2. Das Drama um die Schuldenobergrenze
Mitte März ist es wieder so weit: Die Schulden der USA könnten das gesetzliche Limit überschreiten. Bereits jetzt ist das Minus in der Staatskasse fast eine Billion Dollar höher, als es eigentlich sein dürfte – die Grenze liegt bei 17,2 Billionen. Nur weil das Limit 2013 nach schwerem Streit zwischen den Demokraten von Präsident Barack Obama und den Republikanern einfach bis zum 15. März 2015 ausgesetzt wurde, darf sich die Regierung derzeit Geld pumpen. Es ist wahrscheinlich, dass die Republikaner die Erhöhung oder weitere Aussetzung der Obergrenze wieder an harte Zugeständnisse des Präsidenten knüpfen. Die Frage ist, ob sie es dabei sogar auf ein Verstreichen der Frist ankommen lassen und die USA zumindest kurzzeitig in den Bankrott stürzen. Doch auch wenn eine Einigung wie so oft erst in letzter Minute erfolgt, könnte die Nervosität an den Finanzmärkten der amerikanischen Wirtschaft erfahrungsgemäss schaden.
3. Die Stunde der Wahrheit für die Konjunktur
Die Erholung von der schwersten Wirtschaftskrise seit dem Zweiten Weltkrieg verlief in den USA sehr schleppend. Es dauerte mehr als sechs Jahre, um die 8,7 Millionen verlorenen Arbeitsplätze wieder aufzubauen. Das Wachstum des Bruttoinlandprodukts blieb hinter dem Nachkriegsdurchschnitt von 3,2 Prozent zurück. Ökonomen zweifelten, ob die weltgrösste Volkswirtschaft je wieder zu alter Stärke findet. Nun scheint sich die Lage rasant zu verbessern. Die Konjunktur legte im dritten Quartal aufs Jahr gerechnet um fünf Prozent zu. In vier der letzten fünf Quartale lag das Plus über drei Prozent. Analysten rechnen auch im neuen Jahr mit einem hohen Tempo. Doch die US-Wirtschaft ist anfällig. Sie hängt zu 70 Prozent vom Konsum der Bürger ab. Deren Löhne steigen langsam, die Langzeitarbeitslosigkeit ist hoch, der Abstand zwischen Arm und Reich wächst. Die Konsumlaune kann schnell kippen.
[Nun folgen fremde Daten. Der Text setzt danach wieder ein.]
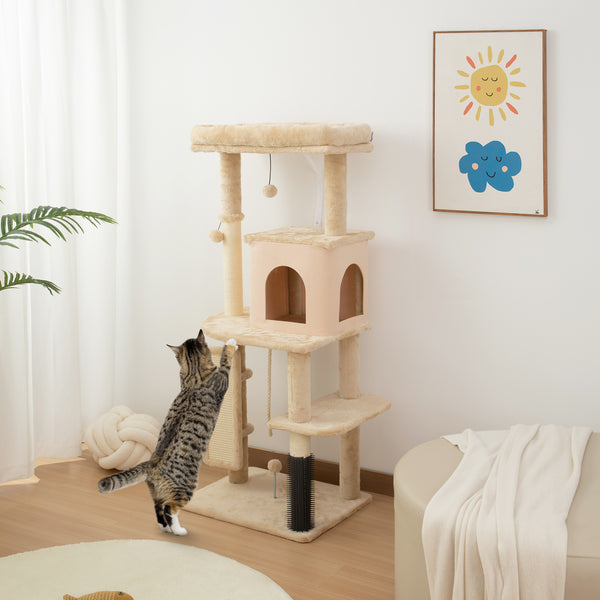 132cm Cat Tree with Scratching Posts, Basket, Kennel and Grooming Brush, Beige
4. Der Fluch des starken Dollar
Eine starke Währung zu haben, klingt erstmal gut. Tatsächlich aber bereitet der steigende Dollarkurs den Amerikanern zunehmend Sorgen. In den letzten sechs Monaten wurde die Leitwährung gut zwölf Prozent teurer – und damit auch die Güter, die andere Länder aus den USA importieren. Steigende Preise können zu sinkender Nachfrage nach US-Produkten führen. Zugleich werden Produkte aus dem Ausland für die Amerikaner günstiger. Konsequenz: Das zuletzt geschrumpfte US-Aussenhandelsdefizit könnte 2015 wieder deutlich wachsen. Eine Zinserhöhung der Fed könnte den Dollaraufschwung noch verstärken.
5. Die Bremskraft der Weltwirtschaft
Die USA sind weltwirtschaftlich längst nicht mehr so isoliert, wie sie es einmal waren. Die schwächere Konjunktur in China, die lahmende Volkswirtschaft in Japan, Wachstumsschwäche in Europa oder der Rubelzerfall in Russland – die möglichen negativen Ausstrahlungseffekte auf Amerika sind laut Fachleuten nicht zu unterschätzen. «Das grösste Risiko ist eines, an das wir nicht gedacht haben», sagte etwa Professor Justin Wolfers von der University of Michigan dem Fernsehsender NBC. Insgesamt erscheine die US-Wirtschaft aber robust genug, um mittelschweren globalen Problemen standzuhalten.